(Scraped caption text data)
————————
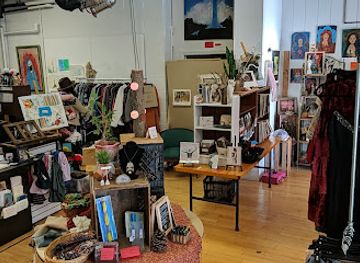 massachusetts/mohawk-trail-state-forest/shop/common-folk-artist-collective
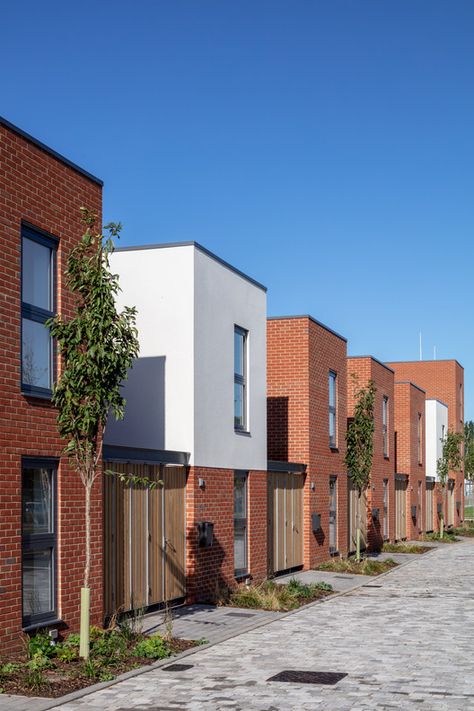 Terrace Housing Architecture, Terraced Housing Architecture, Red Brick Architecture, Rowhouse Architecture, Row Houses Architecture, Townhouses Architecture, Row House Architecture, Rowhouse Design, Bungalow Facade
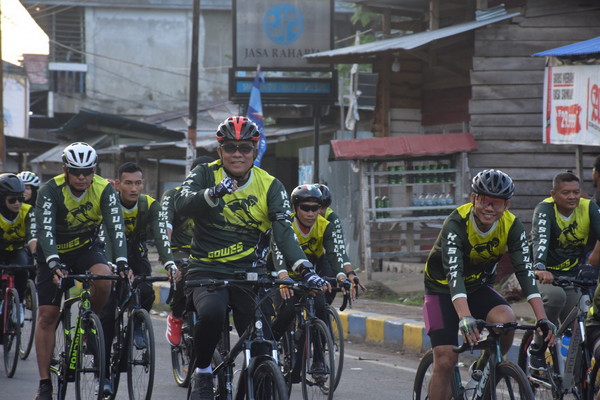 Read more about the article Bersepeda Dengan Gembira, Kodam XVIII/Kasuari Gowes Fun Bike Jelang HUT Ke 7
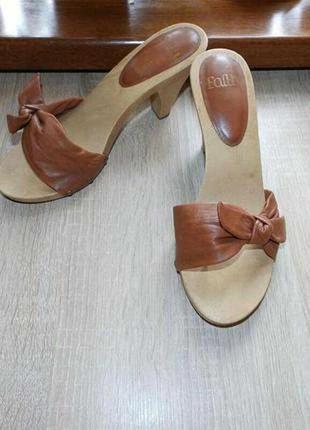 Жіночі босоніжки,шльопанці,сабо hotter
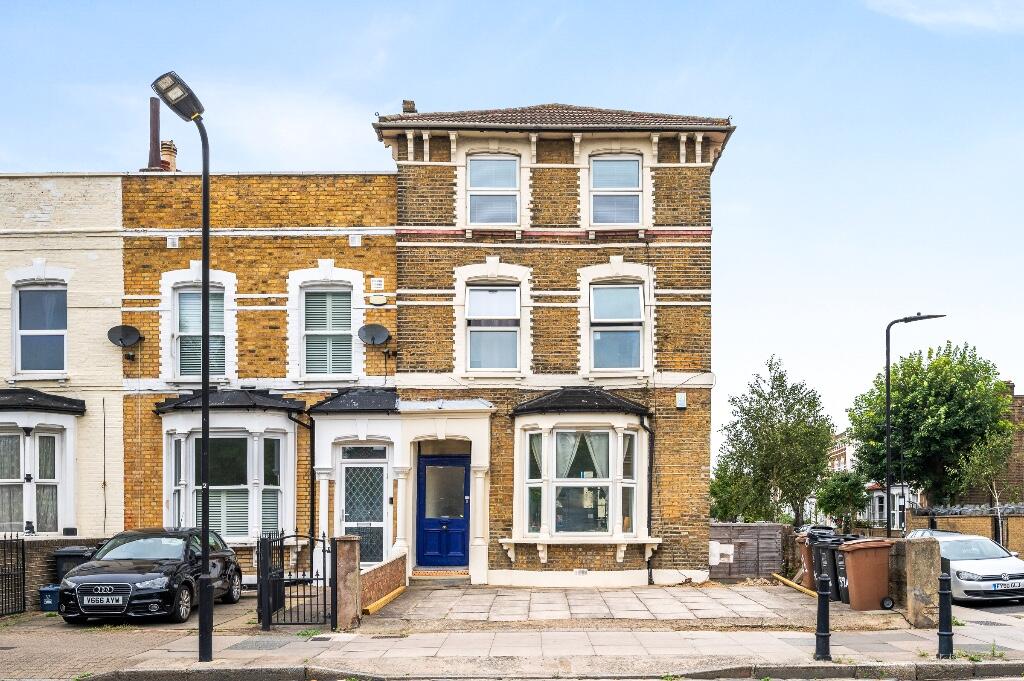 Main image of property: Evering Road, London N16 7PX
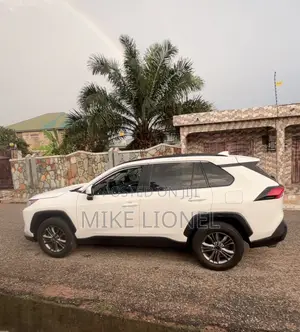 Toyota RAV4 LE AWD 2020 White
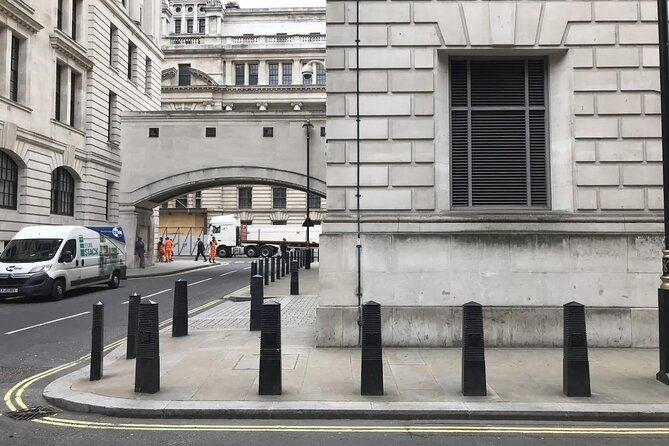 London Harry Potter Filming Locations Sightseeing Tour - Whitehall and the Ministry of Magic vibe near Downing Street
————————
# PROBLEM REQUIREMENTS
The data must be printed exactly, image-free.

# RESULT OF THIS TASK
 massachusetts/mohawk-trail-state-forest/shop/common-folk-artist-collective
 Terrace Housing Architecture, Terraced Housing Architecture, Red Brick Architecture, Rowhouse Architecture, Row Houses Architecture, Townhouses Architecture, Row House Architecture, Rowhouse Design, Bungalow Facade
 Read more about the article Bersepeda Dengan Gembira, Kodam XVIII/Kasuari Gowes Fun Bike Jelang HUT Ke 7
 Жіночі босоніжки,шльопанці,сабо hotter
 Main image of property: Evering Road, London N16 7PX
 Toyota RAV4 LE AWD 2020 White
 London Harry Potter Filming Locations Sightseeing Tour - Whitehall and the Ministry of Magic vibe near Downing Street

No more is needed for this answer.